Selon Gérôme Billois, expert en cybersécurité chez Wavestone et auteur du livre Cyberattaque : Les dessous d’une menace mondiale, ce groupe international serait situé à l’étranger et son but serait simplement de gagner de l’argent. « Pour imager, ce serait comme un groupe de voleurs sur un parking qui tenterait d’ouvrir toutes les portes et qui prendrait ce qu’il peut avant de demander une rançon en échange », développe-t-il.

Selon lui, « Play ransomware » ne connaît même pas le français, et encore moins ce qu’est le département des Alpes-Maritimes. « On parle dans ce cas-là d’une attaque opportuniste et non pas ciblée, précise l’expert. Les hackeurs cherchent des cibles, rentrent dans le système et demandent de l’argent ensuite. »

Que s’est-il passé depuis la cyberattaque ?

Dix jours après le piratage du réseau informatique du conseil départemental, qui s’est déroulé dans la nuit du 9 au 10 novembre, « Play ransomware » a menacé la collectivité de rendre en accès libre 13 GO des 292 dérobés si elle ne payait pas une rançon. Sans réponse de celle-ci, les données ont effectivement été publiées sur un serveur gratuit et public et sont téléchargeables par n’importe qui.

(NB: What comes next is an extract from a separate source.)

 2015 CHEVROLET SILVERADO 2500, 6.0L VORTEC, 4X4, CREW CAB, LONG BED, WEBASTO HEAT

Les hackers ont posé un nouvel ultimatum au département. Il ne lui reste plus que quatre jours pour payer. Le montant de la rançon n’a pas été communiqué.

Pour Gérôme Billois, « les montants peuvent être très élevés, des milliers de dollars, puis diminuer en fonction de l’intention de payer ou non. » Les pirates de la cyberattaque qui a touché le réseau informatique du département de Seine-et-Marne, ont réclamé dix millions de dollars. Mais l’expert rappelle : « La doctrine du gouvernement français est claire là-dessus, on ne paie pas les rançons. »

Que contiennent ces documents ?

Les documents, désormais accessibles à tous, relèvent surtout de papiers personnels d’identité, de la vie des administrés et des données administratives internes à la collectivité. D’après Nice-Matin, ce sont des photocopies de passeport, des bordereaux, des cartes grises mais aussi des fichiers concernant des collèges des Alpes-Maritimes ou encore des notes destinées au président du département Charles Ange Ginésy.

« Habituellement, les groupes de rançonlogiciel diffusent les fichiers sur le darkweb, souligne Gérôme Billois. Si ces données sont si accessibles, c’est pour mettre au maximum de pression sur l’organisme. »

Et du côté du conseil départemental ?

Contacté par 20 Minutes, le conseil départemental n’a pas répondu aux sollicitations sur le sujet. Lors de la séance plénière du 25 novembre, relaté par le quotidien local, le département avait précisé que les auteurs de la cyberattaque avaient réussi « à pénétrer les systèmes par un accès privé en usurpant l’identité d’un agent ».

Charles Ange Ginésy avait également ajouté que « l’exfiltration de fichiers bureautiques non stratégiques » représentait « 0,1 % du volume global des données de la collectivité ». Le président avait ainsi assuré que les « conséquences avaient été limitées » alors que « les hackers avaient tenté d’atteindre les éléments vitaux du réseau, tels l’annuaire d’entreprise ou les sauvegardes, afin de les compromettre pour provoquer le maximum de dégâts ». Il avait, une semaine après les faits, sollicité une « action collective » auprès de l’association des départements de France pour « améliorer les process de repérage des cyberattaques et les process de réponse et de gestion de crise lors d’une attaque ».



Dès le 10 novembre, une plainte a été déposée. Une enquête est en cours et un signalement à la Cnil (commission nationale de l’informatique et des libertés) a été déposé. Les hackers risquent jusqu’à sept ans d’emprisonnement et 300.000 euros d’amende.

Quelles conséquences ?

Derrière cette attaque, « il y a des conséquences collectives, qui touchent directement le grand public », indique l’expert en cybersécurité. Ces documents sont effectivement « sensibles et très personnels » dont des personnes mal intentionnées pourraient profiter. D’autant plus que « ce genre d’enquête est complexe, longue et nécessite une coopération internationale » comme les pirates ne sont « jamais situés dans le pays », explique l’expert. Mais c’est possible, il y a deux semaines, un hackeur a été arrêté au Canada.